***** THE DATA

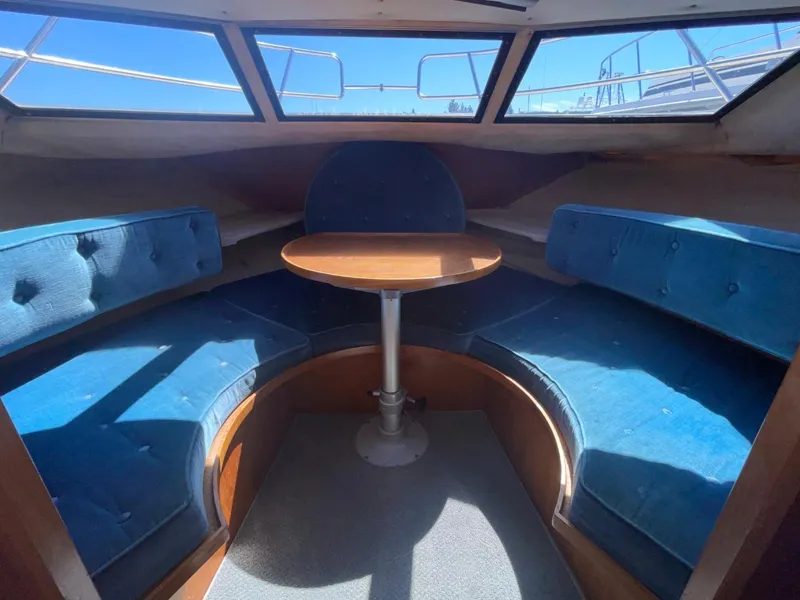 Slide: The Image of Interior of 1985 Nord West 900 boat with blue cushioned seating and wooden table. - 24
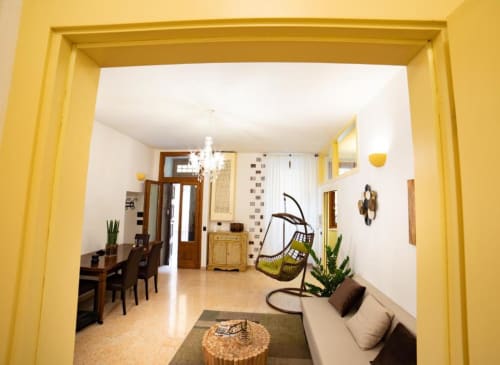 Ingresso con cornice giallo brillante di moderno appartamento a Verona con zona living, spazio pranzo e sedia sospesa presso Dimore Verona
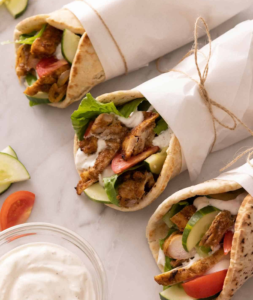 chicken shawarma,lettuce,onions,tomatoes,garlic sauce & hot sauce. Additional Toppings Available:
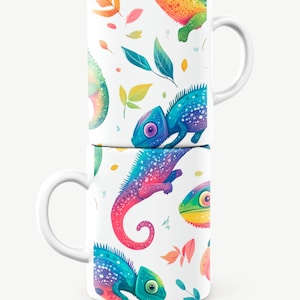 May include: Two white ceramic mugs with a colorful chameleon pattern. The chameleons are in shades of blue, green, pink, and yellow. The mugs are stacked on top of each other.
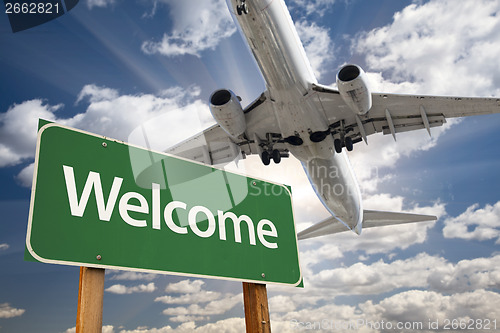 Image of Welcome Green Road Sign and Airplane Above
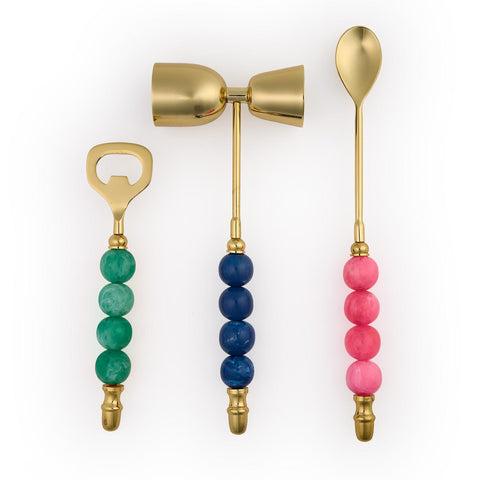 Set of three barware items with colorful bead handles on a white background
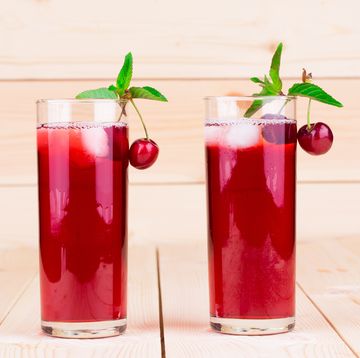 two tall glasses of tart cherry juice garnished with tart cherries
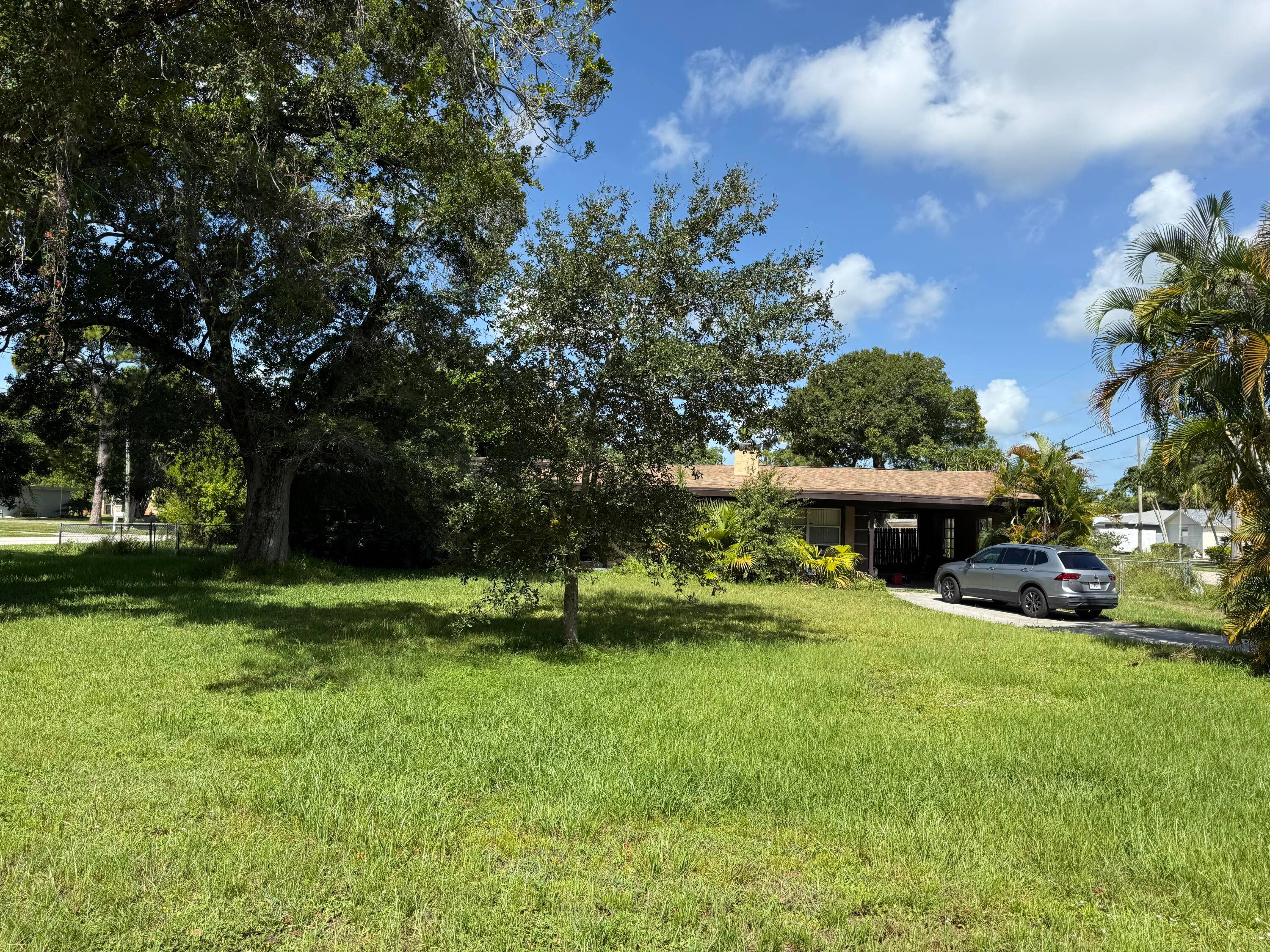 This Centrally located Fort Pierce Home sits on larger corner lot minutes to Downtown Fort Pierce and Beach.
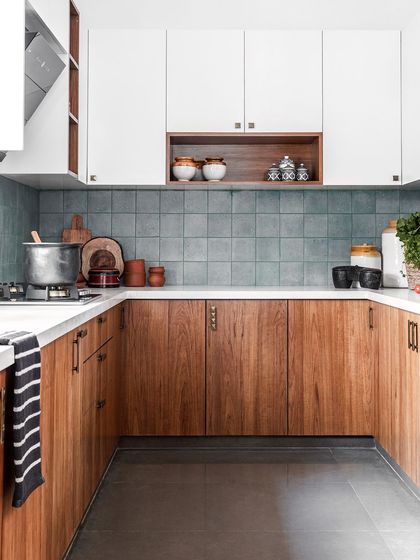 The perfect Indian kitchen: compact yet ergonomic. We chose a timeless palette of classic wood and white, with the only pop of color being the blue-grey tile on the backsplash. It's aesthetic, minimal, and absolutely simple.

**********

**EXERCISE INSTRUCTIONS**
Your answer must be an exact copy of every entry, with the pictures left out.

**EXERCISE RESPONSE**
 Slide: The Image of Interior of 1985 Nord West 900 boat with blue cushioned seating and wooden table. - 24
 Ingresso con cornice giallo brillante di moderno appartamento a Verona con zona living, spazio pranzo e sedia sospesa presso Dimore Verona
 chicken shawarma,lettuce,onions,tomatoes,garlic sauce & hot sauce. Additional Toppings Available:
 May include: Two white ceramic mugs with a colorful chameleon pattern. The chameleons are in shades of blue, green, pink, and yellow. The mugs are stacked on top of each other.
 Image of Welcome Green Road Sign and Airplane Above
 Set of three barware items with colorful bead handles on a white background
 two tall glasses of tart cherry juice garnished with tart cherries
 This Centrally located Fort Pierce Home sits on larger corner lot minutes to Downtown Fort Pierce and Beach.
 The perfect Indian kitchen: compact yet ergonomic. We chose a timeless palette of classic wood and white, with the only pop of color being the blue-grey tile on the backsplash. It's aesthetic, minimal, and absolutely simple.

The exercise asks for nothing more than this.